Perplexity is not dependent on the base. SRILM uses base 10 logprobs, so that's why base 10 exponent is taken in the above formula. TheanoLM uses the natural logarithm, but you only need to care about it if you're comparing logprobs. Then you should use --log-base 10, e.g.

theanolm score model.h5 test.txt --output word-scores --log-base 10

Use --log-base 10 also if you're rescoring an n-best list generated using SRILM!

sameerkhurana10 commented 8 years ago

Thanks for the reply.

I did some calculation as suggested by you.

SRILM: PPL calculation using a 4gram LM trained on 130M tokens. The command used to calculate perplexity.

ngram -debug 2 -order 4 -lm mgb.o4g.kn.gz -vocab /data/sls/qcri-scratch/sameer/language_modelling/theanoLM/data/rnnlm_data/input.vocab -limit-vocab -ppl /data/sls/qcri-scratch/sameer/language_modelling/theanoLM/test.txt

Vocab argument given here, is the vocab that I used to train the LSTM language model.

Perplexity is given by:

5002 sentences, 60169 words, 8754 OOVs 0 zeroprobs, logprob= -156679 ppl= 598.63 ppl1= 1115.17

TheanoLM: The command used to train the LSTM LM on 4M tokens is as given below:

theanolm train model.h5 validation-data.txt --training-set training-data.txt --vocabulary input.vocab --architecture lstm300

Perplexity calculation command:

theanolm score model.h5 test.txt --output word-scores --log-base 10

Perplexity is given by:

Number of sentences: 5002 Number of words: 70173 Number of predicted probabilities: 65171 Cross entropy (base e): 5.615544113890271 Cross entropy (base 10): 2.4387998215468305 Perplexity: 274.6627863816429

The question is: Do you think this is the right way to compare the two models? If it is, I am finding it hard to believe that a 4gram language model trained on 130M tokens is giving higher ppl than a LSTM model trained on just 4M tokens.

senarvi commented 8 years ago

The difference in perplexity is so big that I agree with you, there has to be a mistake somewhere. Also, TheanoLM reports 70173 words and 70173 - 5002 = 65171 predicted probabilities (sentence starts excluded) and SRILM reports 60169 words.

You're using --limit-vocab with SRILM, meaning that is discarded from the language model. You should use --unk-penalty 0 with TheanoLM, so that it too excludes from perplexity computation.

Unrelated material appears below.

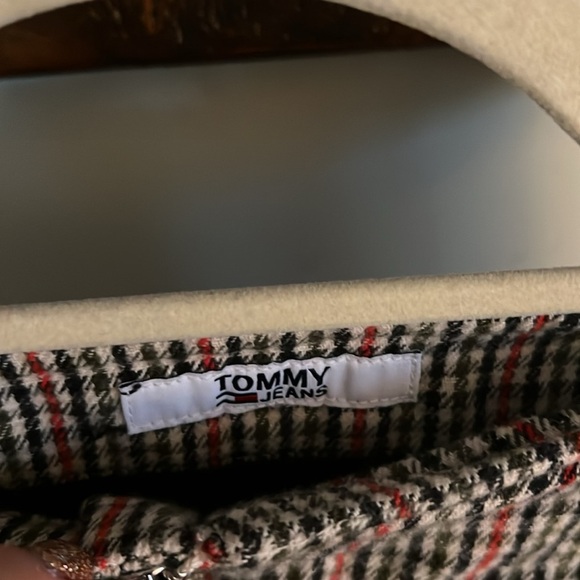 TOMMY JEANS Black/Olive/Orange/Cream Zip Front Lined Mini Skirt, Sz 14, GUC. - Picture 6 of 10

Both tools should compute the probability of the same words, so the number of predicted probabilities should match. To debug what's going on, I would start from a smaller test set (maybe just one sentence that also includes OOV words) and compute word scores with both tools (--output word-scores with TheanoLM and -ppl test.txt -debug 2 with SRILM). Then you can see if the numbers are in the same ballpark.

sameerkhurana10 commented 8 years ago

Thank you for the reply and sorry to bother you so much with this.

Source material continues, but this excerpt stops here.